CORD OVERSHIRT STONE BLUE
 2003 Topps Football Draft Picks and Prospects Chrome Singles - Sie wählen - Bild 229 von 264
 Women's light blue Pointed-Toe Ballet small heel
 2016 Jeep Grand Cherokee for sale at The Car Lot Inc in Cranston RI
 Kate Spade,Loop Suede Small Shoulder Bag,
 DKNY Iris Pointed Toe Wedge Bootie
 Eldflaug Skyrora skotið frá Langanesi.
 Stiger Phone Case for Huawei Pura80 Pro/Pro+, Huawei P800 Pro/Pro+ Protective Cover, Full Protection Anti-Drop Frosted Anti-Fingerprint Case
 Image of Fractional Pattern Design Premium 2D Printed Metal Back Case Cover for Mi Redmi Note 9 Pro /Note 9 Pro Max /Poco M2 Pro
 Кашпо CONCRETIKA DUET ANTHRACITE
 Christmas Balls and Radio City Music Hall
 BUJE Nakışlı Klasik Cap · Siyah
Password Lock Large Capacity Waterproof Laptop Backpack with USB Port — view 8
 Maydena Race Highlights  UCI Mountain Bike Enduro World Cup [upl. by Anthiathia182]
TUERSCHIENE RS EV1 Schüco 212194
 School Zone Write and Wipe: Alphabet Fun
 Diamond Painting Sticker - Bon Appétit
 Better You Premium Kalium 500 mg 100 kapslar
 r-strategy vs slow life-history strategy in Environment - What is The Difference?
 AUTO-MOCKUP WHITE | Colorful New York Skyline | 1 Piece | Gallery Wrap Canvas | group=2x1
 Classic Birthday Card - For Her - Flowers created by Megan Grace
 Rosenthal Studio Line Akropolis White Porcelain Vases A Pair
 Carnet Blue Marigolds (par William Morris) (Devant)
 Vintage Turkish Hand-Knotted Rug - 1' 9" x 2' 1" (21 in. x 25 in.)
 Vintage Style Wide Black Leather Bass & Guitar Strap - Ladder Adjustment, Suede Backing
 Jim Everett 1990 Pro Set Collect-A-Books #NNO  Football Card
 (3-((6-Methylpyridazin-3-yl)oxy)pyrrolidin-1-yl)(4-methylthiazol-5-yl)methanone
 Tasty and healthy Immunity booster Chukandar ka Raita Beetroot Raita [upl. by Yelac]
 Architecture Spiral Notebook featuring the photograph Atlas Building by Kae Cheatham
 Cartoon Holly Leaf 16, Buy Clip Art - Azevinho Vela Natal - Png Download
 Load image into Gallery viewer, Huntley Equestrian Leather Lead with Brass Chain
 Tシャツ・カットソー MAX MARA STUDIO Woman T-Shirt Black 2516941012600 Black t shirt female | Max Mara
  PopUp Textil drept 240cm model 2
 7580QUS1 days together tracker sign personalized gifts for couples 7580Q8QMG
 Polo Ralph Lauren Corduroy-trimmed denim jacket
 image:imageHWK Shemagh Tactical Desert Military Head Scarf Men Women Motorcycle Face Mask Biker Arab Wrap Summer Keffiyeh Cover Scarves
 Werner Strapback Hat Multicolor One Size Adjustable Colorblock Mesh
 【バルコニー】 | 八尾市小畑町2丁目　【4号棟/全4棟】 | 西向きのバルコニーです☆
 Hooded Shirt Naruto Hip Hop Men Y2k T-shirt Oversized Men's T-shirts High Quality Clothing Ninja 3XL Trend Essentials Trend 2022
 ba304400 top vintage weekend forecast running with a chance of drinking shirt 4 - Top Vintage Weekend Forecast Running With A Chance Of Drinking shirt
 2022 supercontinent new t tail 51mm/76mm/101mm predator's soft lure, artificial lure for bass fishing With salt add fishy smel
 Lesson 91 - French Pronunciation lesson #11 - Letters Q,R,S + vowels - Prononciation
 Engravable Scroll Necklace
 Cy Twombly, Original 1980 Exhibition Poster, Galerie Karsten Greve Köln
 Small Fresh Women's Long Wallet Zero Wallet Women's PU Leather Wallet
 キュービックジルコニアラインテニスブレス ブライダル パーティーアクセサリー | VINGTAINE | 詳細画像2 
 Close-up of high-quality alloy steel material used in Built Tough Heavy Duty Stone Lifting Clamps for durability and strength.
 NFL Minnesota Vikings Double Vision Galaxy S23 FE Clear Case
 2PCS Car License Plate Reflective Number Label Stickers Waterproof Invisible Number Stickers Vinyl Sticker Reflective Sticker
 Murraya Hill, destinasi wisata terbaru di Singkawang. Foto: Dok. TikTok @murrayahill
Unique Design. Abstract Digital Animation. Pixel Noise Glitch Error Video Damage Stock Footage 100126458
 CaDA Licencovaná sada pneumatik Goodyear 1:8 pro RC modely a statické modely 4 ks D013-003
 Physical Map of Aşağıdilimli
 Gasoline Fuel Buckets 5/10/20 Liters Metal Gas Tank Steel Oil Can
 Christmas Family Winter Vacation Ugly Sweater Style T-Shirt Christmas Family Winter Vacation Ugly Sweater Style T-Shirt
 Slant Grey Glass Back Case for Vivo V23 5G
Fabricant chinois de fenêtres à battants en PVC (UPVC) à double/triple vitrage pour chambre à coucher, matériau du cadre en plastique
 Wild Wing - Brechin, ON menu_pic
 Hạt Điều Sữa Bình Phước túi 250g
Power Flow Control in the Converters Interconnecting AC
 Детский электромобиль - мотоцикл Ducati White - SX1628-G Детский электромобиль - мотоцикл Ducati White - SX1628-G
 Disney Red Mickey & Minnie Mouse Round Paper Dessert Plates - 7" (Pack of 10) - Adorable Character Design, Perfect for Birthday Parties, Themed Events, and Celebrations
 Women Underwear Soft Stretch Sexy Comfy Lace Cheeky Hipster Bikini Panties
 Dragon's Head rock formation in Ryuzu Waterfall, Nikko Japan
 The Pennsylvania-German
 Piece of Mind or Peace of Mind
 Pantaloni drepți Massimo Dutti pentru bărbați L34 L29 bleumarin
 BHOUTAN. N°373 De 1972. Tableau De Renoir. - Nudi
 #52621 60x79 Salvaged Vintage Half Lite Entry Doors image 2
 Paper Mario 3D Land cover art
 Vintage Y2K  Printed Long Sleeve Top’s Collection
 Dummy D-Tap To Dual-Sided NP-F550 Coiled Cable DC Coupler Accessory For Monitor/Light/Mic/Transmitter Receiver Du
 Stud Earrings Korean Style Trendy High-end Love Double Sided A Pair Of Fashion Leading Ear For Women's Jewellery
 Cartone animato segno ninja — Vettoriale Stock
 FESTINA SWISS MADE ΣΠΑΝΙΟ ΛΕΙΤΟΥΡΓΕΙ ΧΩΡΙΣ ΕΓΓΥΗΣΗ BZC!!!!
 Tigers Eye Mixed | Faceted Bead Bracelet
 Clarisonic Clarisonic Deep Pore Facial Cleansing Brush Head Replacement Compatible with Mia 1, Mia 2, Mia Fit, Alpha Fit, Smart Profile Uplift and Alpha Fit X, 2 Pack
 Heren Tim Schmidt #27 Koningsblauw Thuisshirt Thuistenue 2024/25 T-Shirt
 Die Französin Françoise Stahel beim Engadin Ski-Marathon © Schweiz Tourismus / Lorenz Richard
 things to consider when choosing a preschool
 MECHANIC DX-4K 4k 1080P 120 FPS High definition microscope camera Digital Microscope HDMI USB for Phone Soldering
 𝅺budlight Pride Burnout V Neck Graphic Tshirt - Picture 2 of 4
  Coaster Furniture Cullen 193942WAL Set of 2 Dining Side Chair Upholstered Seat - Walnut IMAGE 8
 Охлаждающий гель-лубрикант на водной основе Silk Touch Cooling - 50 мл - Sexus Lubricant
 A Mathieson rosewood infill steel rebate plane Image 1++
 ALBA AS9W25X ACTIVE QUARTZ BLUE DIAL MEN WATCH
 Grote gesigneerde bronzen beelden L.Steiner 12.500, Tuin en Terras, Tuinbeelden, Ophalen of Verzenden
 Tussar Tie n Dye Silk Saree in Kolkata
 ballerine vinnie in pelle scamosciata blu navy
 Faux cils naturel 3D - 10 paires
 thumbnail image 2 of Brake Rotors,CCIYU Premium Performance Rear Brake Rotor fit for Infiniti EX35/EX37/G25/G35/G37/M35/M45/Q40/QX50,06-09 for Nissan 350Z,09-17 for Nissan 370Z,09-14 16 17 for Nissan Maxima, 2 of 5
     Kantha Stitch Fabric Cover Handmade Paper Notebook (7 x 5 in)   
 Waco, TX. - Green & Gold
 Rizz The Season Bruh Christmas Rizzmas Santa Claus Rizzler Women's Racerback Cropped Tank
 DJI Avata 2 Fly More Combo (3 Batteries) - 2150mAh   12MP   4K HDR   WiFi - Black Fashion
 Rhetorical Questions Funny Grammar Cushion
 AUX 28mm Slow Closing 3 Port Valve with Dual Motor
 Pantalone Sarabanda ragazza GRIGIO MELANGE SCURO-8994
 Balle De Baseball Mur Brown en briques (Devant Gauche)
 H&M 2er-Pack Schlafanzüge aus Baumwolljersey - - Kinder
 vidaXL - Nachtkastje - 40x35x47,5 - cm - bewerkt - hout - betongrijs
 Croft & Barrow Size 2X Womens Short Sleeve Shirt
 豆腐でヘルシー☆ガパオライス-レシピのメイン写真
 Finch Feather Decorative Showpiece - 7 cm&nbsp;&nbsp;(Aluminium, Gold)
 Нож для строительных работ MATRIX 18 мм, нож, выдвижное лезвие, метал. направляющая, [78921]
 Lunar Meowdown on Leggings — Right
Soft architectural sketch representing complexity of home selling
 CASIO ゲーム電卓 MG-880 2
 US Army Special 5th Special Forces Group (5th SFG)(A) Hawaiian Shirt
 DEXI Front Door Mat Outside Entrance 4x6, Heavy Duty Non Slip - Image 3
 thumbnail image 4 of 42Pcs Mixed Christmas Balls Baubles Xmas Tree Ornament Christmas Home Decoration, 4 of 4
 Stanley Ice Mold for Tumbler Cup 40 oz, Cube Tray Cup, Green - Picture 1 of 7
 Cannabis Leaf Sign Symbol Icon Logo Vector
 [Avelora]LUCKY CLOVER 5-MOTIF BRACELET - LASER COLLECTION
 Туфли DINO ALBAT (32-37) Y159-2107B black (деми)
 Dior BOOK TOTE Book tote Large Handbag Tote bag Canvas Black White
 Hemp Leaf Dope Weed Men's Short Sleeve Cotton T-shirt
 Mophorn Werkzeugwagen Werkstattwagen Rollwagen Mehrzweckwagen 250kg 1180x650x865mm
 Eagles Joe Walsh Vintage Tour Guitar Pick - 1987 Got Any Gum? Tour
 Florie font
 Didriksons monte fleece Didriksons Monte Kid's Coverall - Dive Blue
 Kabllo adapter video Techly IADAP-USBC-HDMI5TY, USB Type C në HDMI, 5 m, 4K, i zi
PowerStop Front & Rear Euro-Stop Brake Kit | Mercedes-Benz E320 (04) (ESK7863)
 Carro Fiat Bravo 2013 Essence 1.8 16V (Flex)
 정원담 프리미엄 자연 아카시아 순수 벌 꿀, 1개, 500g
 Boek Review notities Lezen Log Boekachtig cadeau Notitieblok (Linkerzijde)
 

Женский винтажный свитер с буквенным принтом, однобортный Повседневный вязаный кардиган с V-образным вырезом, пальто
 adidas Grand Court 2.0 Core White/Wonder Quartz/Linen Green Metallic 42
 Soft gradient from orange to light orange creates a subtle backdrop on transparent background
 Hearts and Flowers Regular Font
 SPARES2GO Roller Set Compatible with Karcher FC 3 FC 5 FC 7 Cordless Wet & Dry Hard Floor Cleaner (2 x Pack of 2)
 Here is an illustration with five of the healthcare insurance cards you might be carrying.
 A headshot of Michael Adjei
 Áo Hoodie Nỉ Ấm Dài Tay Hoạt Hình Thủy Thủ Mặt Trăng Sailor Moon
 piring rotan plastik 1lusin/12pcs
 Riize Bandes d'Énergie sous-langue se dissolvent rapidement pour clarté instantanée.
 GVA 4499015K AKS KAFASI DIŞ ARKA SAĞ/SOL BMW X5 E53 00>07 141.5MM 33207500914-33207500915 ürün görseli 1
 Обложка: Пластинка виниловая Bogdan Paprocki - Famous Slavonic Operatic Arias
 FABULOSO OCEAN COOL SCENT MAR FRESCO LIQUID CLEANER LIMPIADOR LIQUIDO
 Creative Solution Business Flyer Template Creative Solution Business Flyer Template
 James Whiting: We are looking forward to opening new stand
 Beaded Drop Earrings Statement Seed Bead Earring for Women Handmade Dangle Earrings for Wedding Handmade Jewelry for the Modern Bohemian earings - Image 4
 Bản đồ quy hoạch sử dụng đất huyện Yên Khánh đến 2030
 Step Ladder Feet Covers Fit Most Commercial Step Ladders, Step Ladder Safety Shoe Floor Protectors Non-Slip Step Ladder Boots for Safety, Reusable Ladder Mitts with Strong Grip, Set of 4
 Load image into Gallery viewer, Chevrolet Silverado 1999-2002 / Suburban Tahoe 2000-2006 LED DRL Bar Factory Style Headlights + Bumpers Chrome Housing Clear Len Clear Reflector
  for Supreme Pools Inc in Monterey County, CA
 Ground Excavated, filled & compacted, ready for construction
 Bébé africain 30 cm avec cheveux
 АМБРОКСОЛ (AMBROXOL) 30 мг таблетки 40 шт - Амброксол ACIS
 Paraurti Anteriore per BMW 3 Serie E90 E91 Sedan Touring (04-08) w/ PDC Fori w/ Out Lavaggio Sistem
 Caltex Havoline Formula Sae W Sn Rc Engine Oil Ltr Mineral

Problem statement: Up to and including the line with "Tasty and healthy", repeat the data exactly, starting from its first line; nothing else belongs in the response.

Response for this exercise:
CORD OVERSHIRT STONE BLUE
 2003 Topps Football Draft Picks and Prospects Chrome Singles - Sie wählen - Bild 229 von 264
 Women's light blue Pointed-Toe Ballet small heel
 2016 Jeep Grand Cherokee for sale at The Car Lot Inc in Cranston RI
 Kate Spade,Loop Suede Small Shoulder Bag,
 DKNY Iris Pointed Toe Wedge Bootie
 Eldflaug Skyrora skotið frá Langanesi.
 Stiger Phone Case for Huawei Pura80 Pro/Pro+, Huawei P800 Pro/Pro+ Protective Cover, Full Protection Anti-Drop Frosted Anti-Fingerprint Case
 Image of Fractional Pattern Design Premium 2D Printed Metal Back Case Cover for Mi Redmi Note 9 Pro /Note 9 Pro Max /Poco M2 Pro
 Кашпо CONCRETIKA DUET ANTHRACITE
 Christmas Balls and Radio City Music Hall
 BUJE Nakışlı Klasik Cap · Siyah
Password Lock Large Capacity Waterproof Laptop Backpack with USB Port — view 8
 Maydena Race Highlights  UCI Mountain Bike Enduro World Cup [upl. by Anthiathia182]
TUERSCHIENE RS EV1 Schüco 212194
 School Zone Write and Wipe: Alphabet Fun
 Diamond Painting Sticker - Bon Appétit
 Better You Premium Kalium 500 mg 100 kapslar
 r-strategy vs slow life-history strategy in Environment - What is The Difference?
 AUTO-MOCKUP WHITE | Colorful New York Skyline | 1 Piece | Gallery Wrap Canvas | group=2x1
 Classic Birthday Card - For Her - Flowers created by Megan Grace
 Rosenthal Studio Line Akropolis White Porcelain Vases A Pair
 Carnet Blue Marigolds (par William Morris) (Devant)
 Vintage Turkish Hand-Knotted Rug - 1' 9" x 2' 1" (21 in. x 25 in.)
 Vintage Style Wide Black Leather Bass & Guitar Strap - Ladder Adjustment, Suede Backing
 Jim Everett 1990 Pro Set Collect-A-Books #NNO  Football Card
 (3-((6-Methylpyridazin-3-yl)oxy)pyrrolidin-1-yl)(4-methylthiazol-5-yl)methanone
 Tasty and healthy Immunity booster Chukandar ka Raita Beetroot Raita [upl. by Yelac]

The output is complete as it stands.